Data records
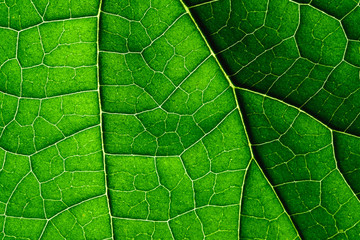 Close up texture of green leaf.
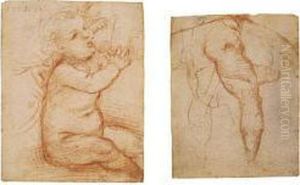 Study Of The Christ Child Suckling by (Giovanni Antonio de' Sacchis) Pordenone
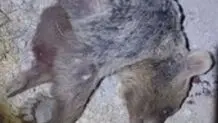 مرگ یک قلاده خرس به ضرب گلوله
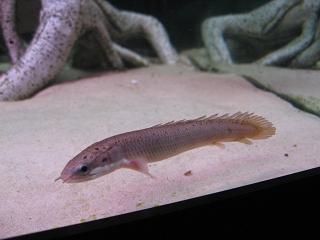 IMG_1043.JPG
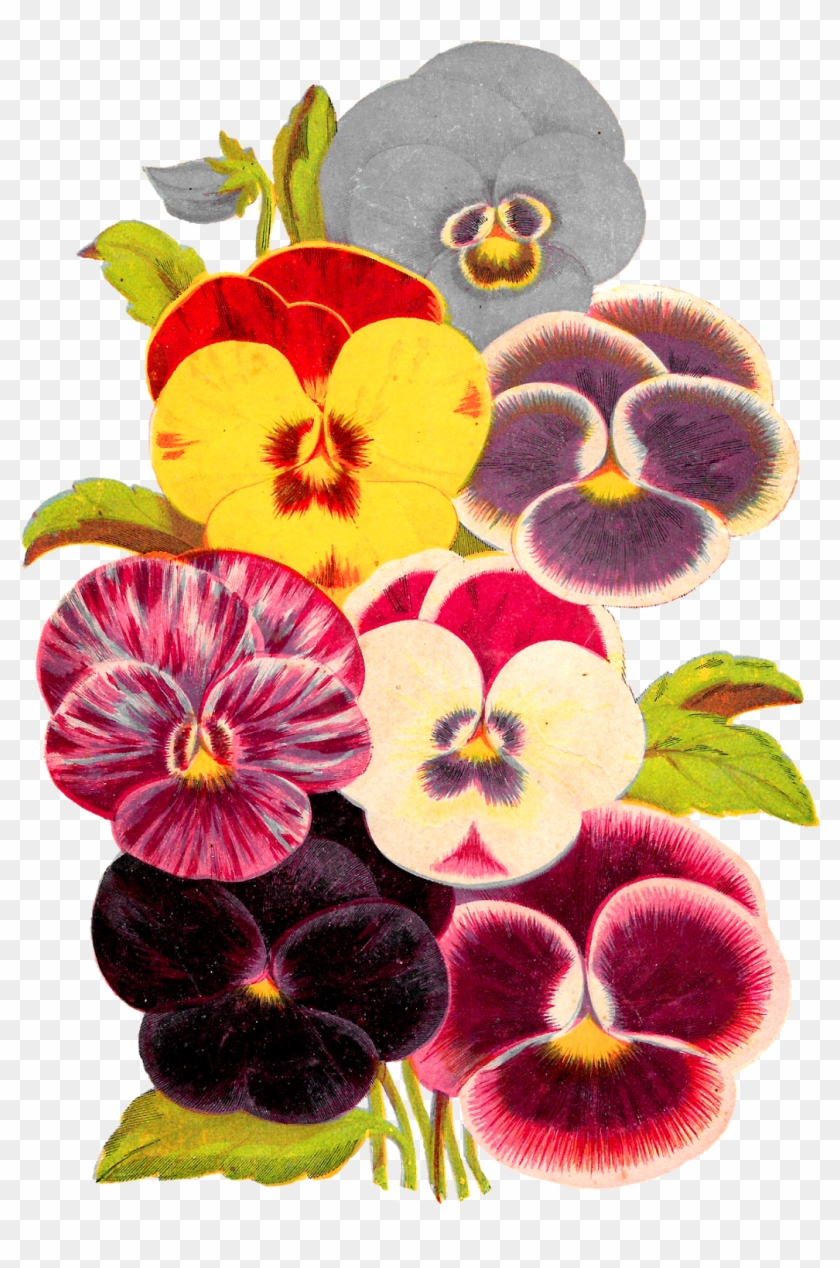 Flower Pansy Botanical Artwork Image Seed Catalog Illustration - Pansy #1206991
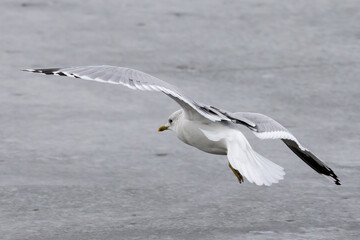 Fototapeta na wymiar Common gull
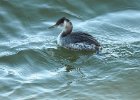 Red-necked Grebe (51)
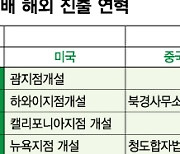 해외로 가는 국내 보험사..美·中·동남아 뚫을 전략은 '이것'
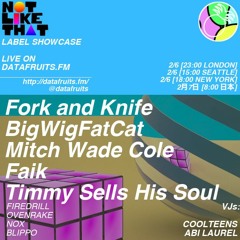 <a href="datafruits.fm">BIGWIGFATCAT</a> 6/02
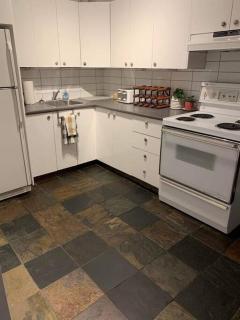 BIG 3BR appartment at Olympic Stadium at PIE-IX Metro station - 6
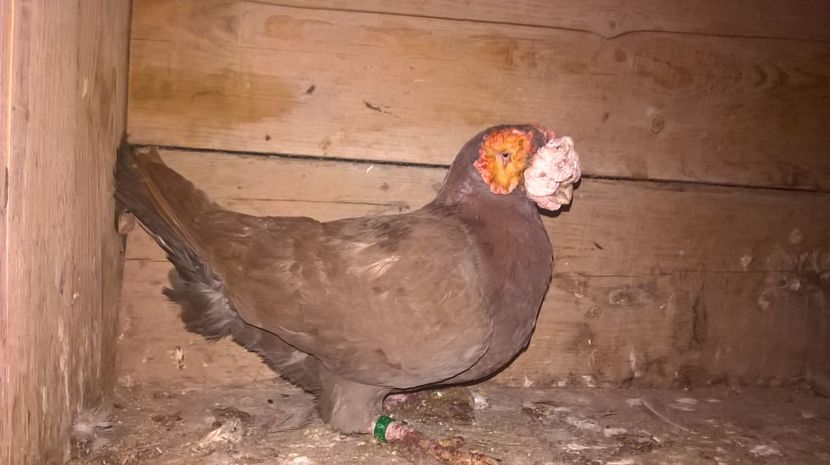 F 2013 - CARUNCULATI MATCA 2017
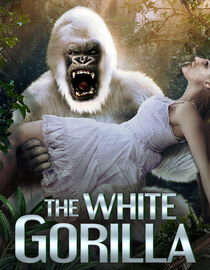 The White Gorilla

→ Task requirements
All of the records need repeating exactly, except for the pictures.

→ Exercise solution
 Close up texture of green leaf.
 Study Of The Christ Child Suckling by (Giovanni Antonio de' Sacchis) Pordenone
 مرگ یک قلاده خرس به ضرب گلوله
 IMG_1043.JPG
 Flower Pansy Botanical Artwork Image Seed Catalog Illustration - Pansy #1206991
 Fototapeta na wymiar Common gull
 Red-necked Grebe (51)
 해외로 가는 국내 보험사..美·中·동남아 뚫을 전략은 '이것'
 <a href="datafruits.fm">BIGWIGFATCAT</a> 6/02
 BIG 3BR appartment at Olympic Stadium at PIE-IX Metro station - 6
 F 2013 - CARUNCULATI MATCA 2017
 The White Gorilla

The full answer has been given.